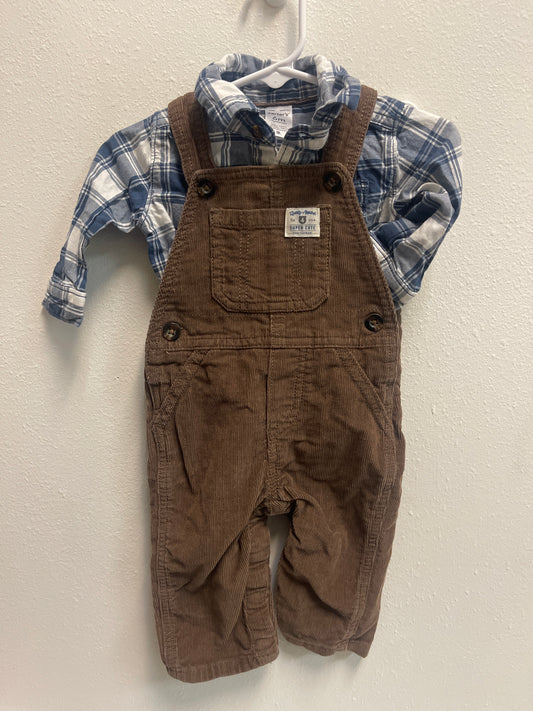 6m Carters Brown Corduroy Overall Set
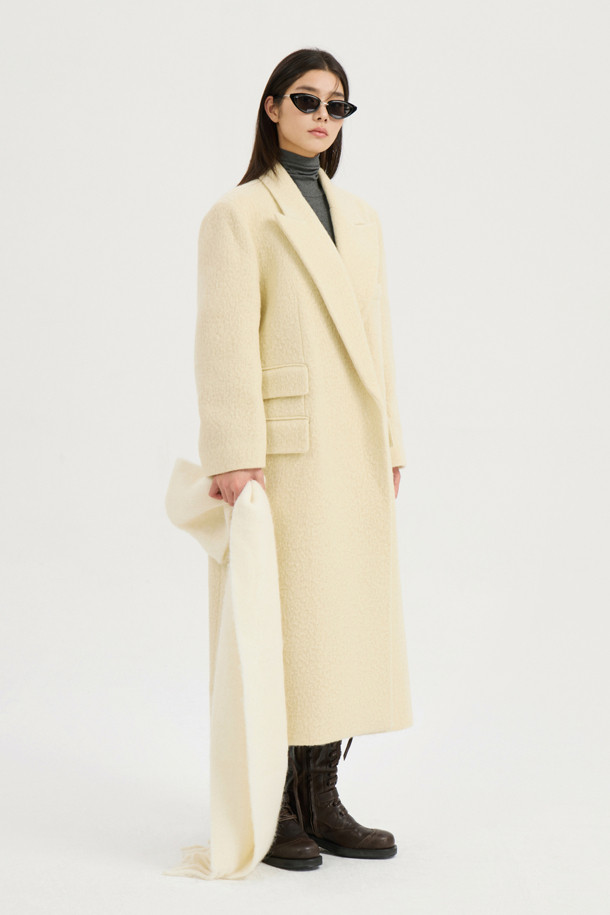 LUCKY CHOUETTE - 코트 - Gang Collar Hairy Double Coat (ivory)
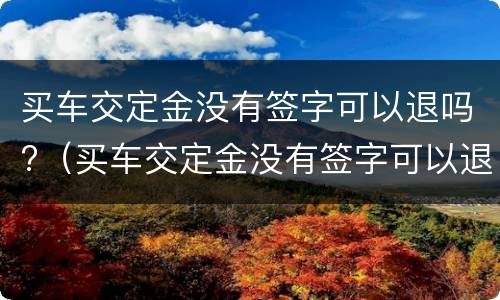 买车交定金没有签字可以退吗?（买车交定金没有签字可以退吗）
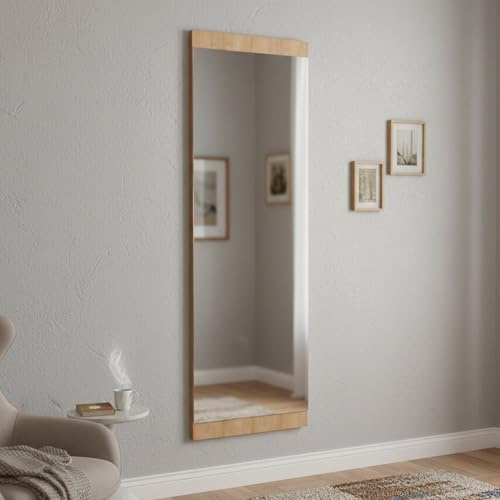 Dmora Spiegel Acamar 40x120 cm Braun Struktur aus Glas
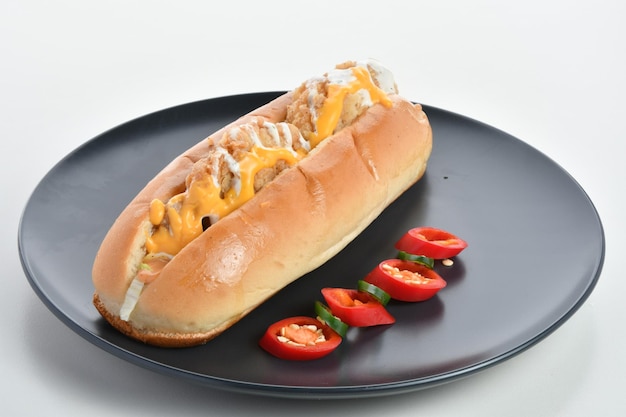 Фото Куриный бутерброд фахита, изолированные на белом фоне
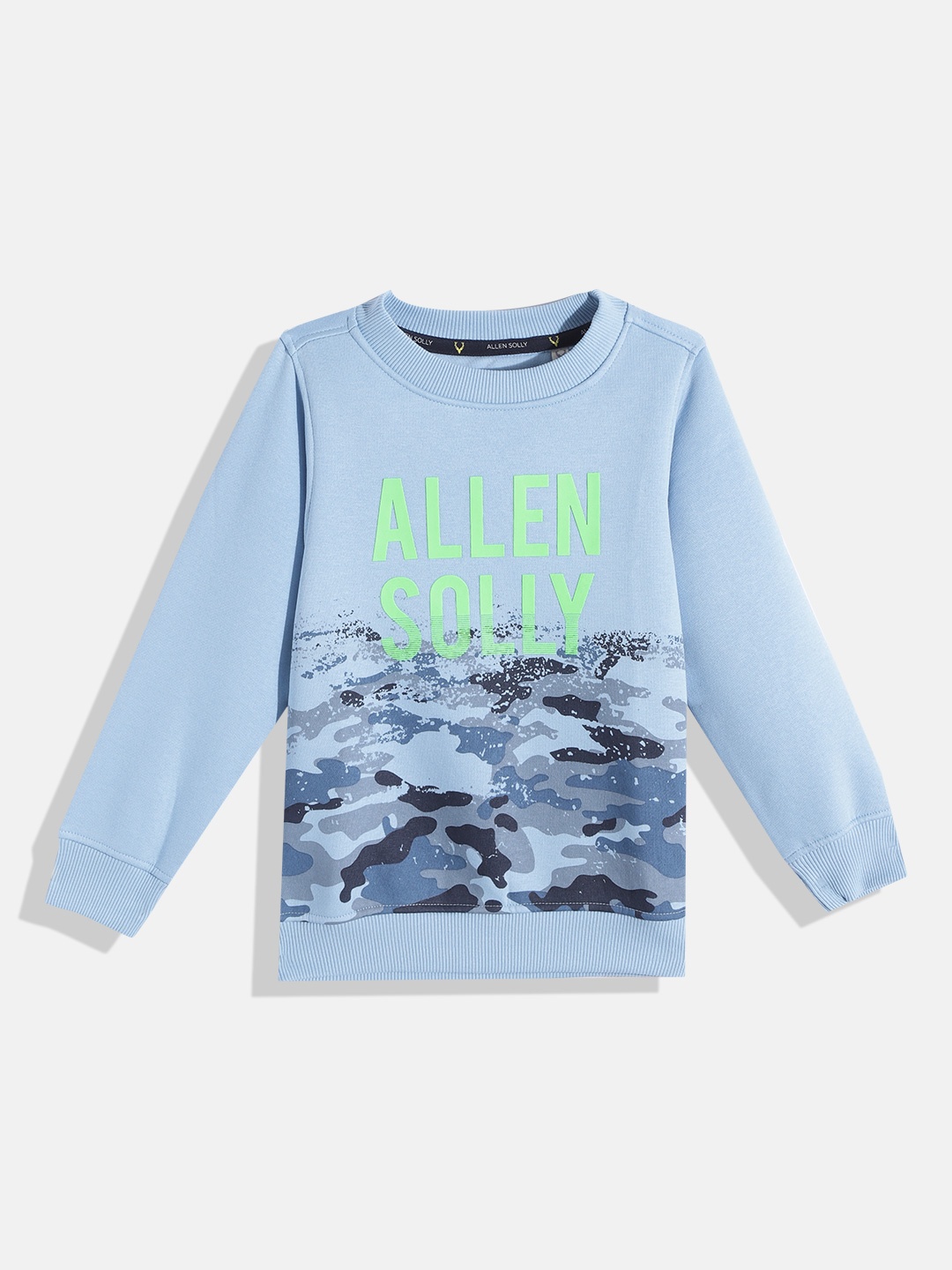 

Allen Solly Junior Boys Blue Brand Logo & Abstract Printed Sweatshirt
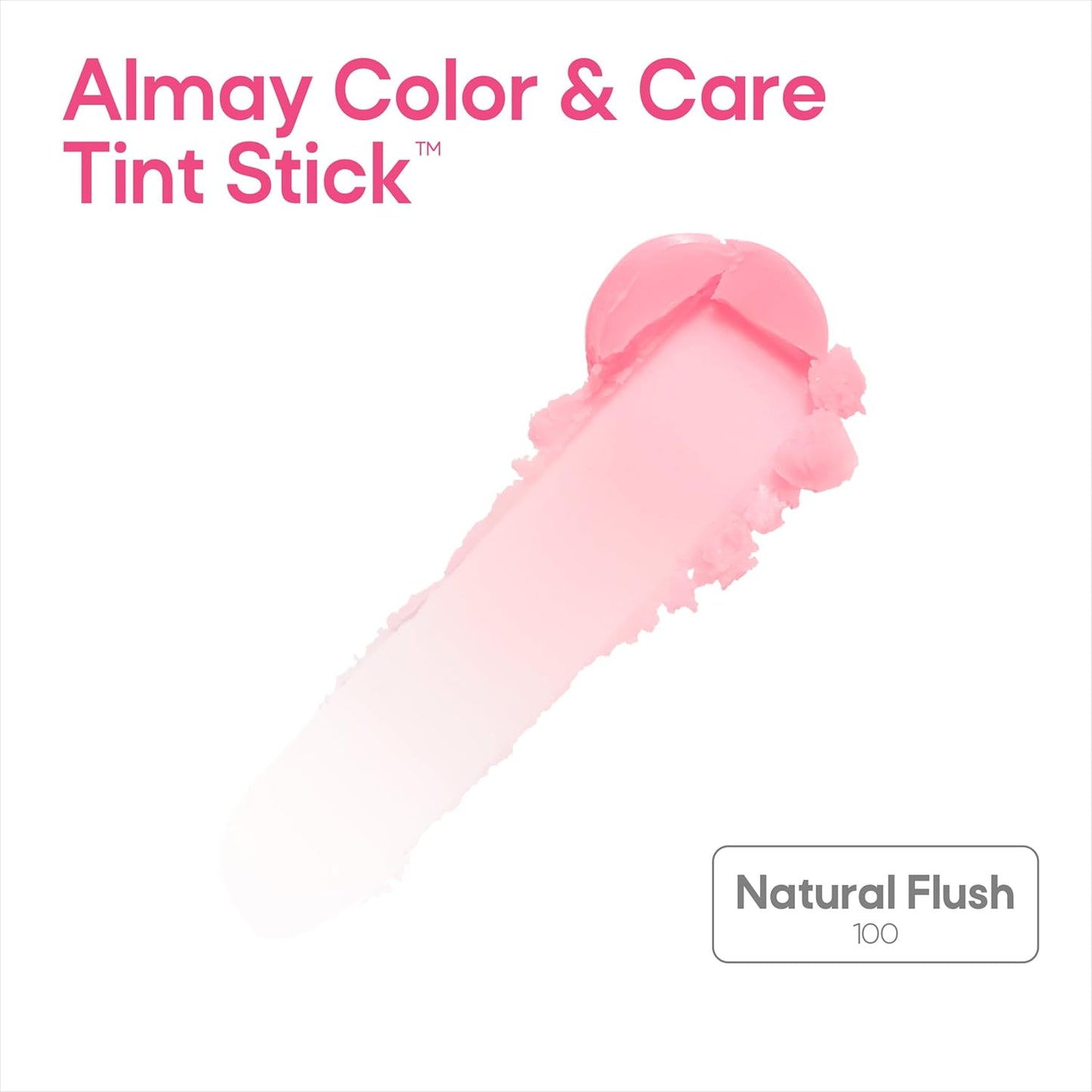 Almay Lip and Cheek Tint, Color & Care Tint Stick, Multi-Use Moisturizing Blush and Lip Color, Dewy Finish, 100 Natural Flush, 0.25 oz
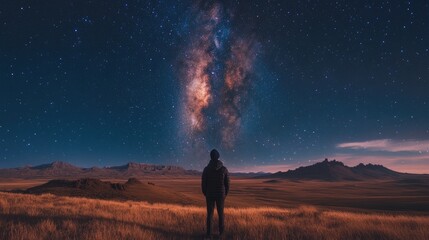 Person gazing up at night sky with stars and galaxy on distant mountain background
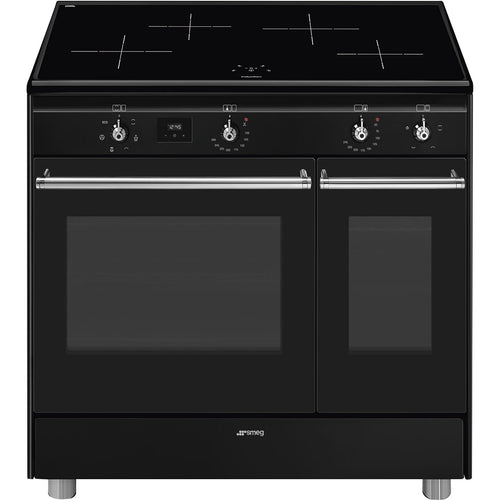 Smeg CX92IMBL - Black 90x60 cm Concert Classic Full Electric Cooker with Induction Hob - A energy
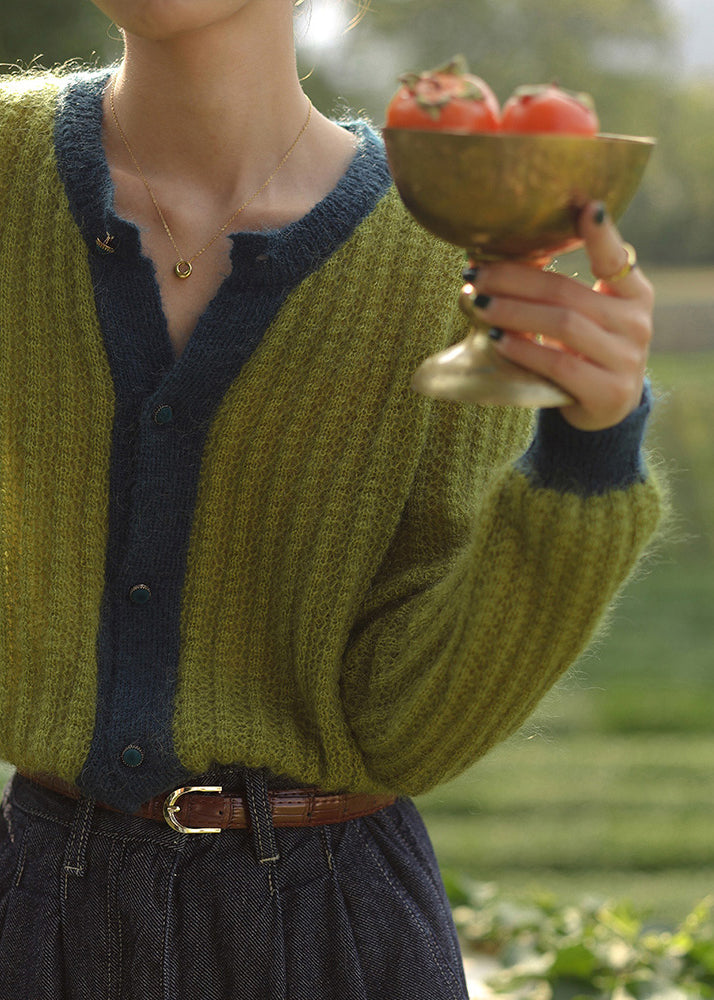 Green Button Patchwork Cozy Knit Top Long Sleeve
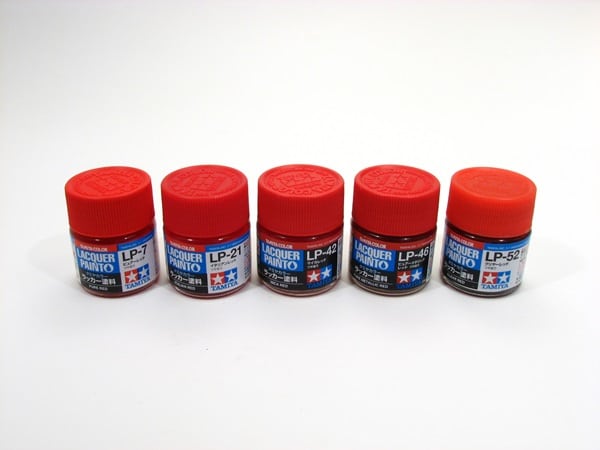 Tamiya acrylic lacquer red colors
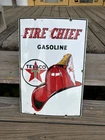 Rare Vintage 1957 Texaco Fire Chief Gasoline Metal Porcelain Enamel  18 x 12" #2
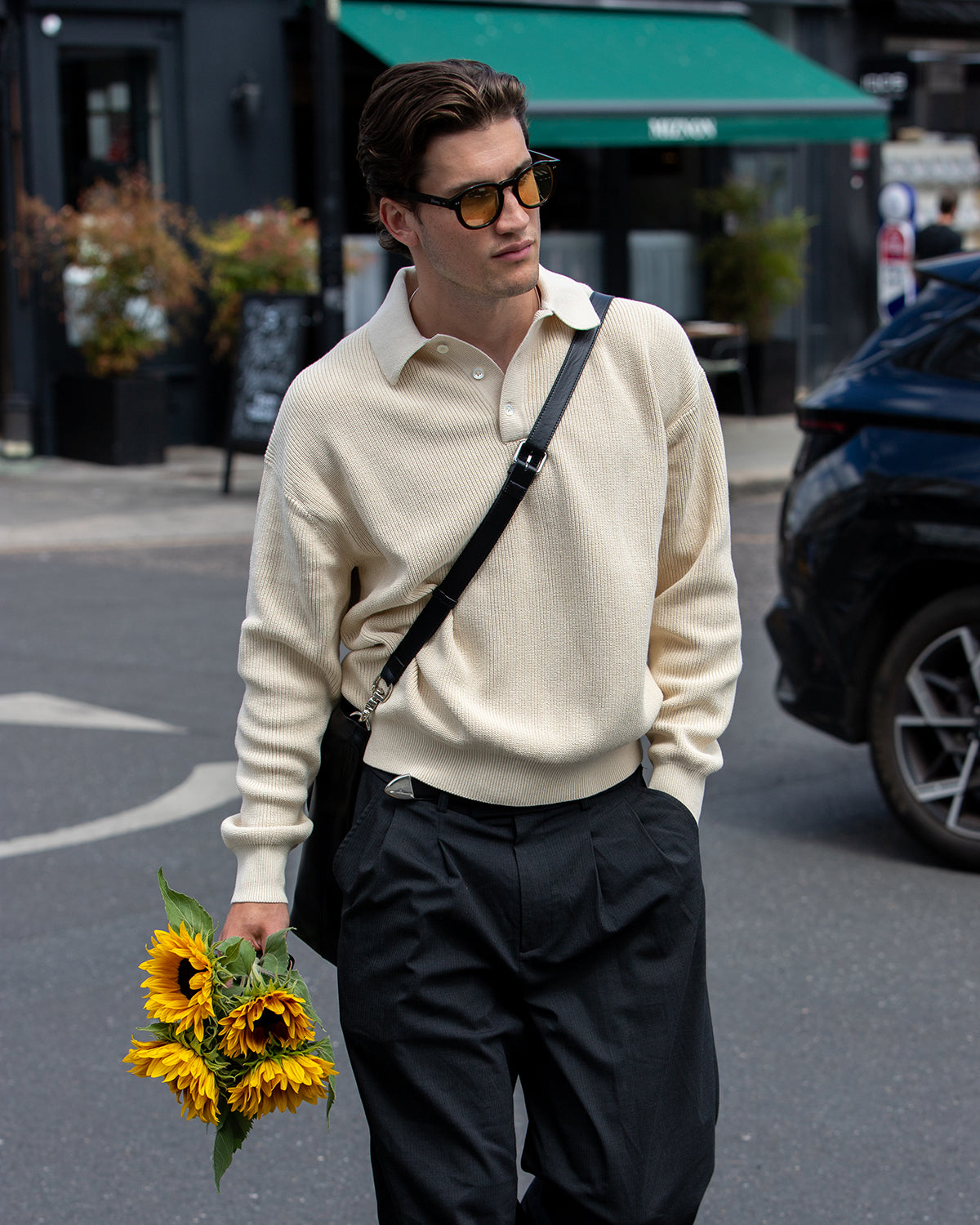 Knit Polo Sweater - Stone | RONNING, Everyday Uniform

# # #

Take the material above from its first line through the line holding "Allen Solly Junior" and set it down exactly, without the pictures.

**Task response:**
 6m Carters Brown Corduroy Overall Set
 LUCKY CHOUETTE - 코트 - Gang Collar Hairy Double Coat (ivory)
 买车交定金没有签字可以退吗?（买车交定金没有签字可以退吗）
 Dmora Spiegel Acamar 40x120 cm Braun Struktur aus Glas
 Фото Куриный бутерброд фахита, изолированные на белом фоне

Allen Solly Junior Boys Blue Brand Logo & Abstract Printed Sweatshirt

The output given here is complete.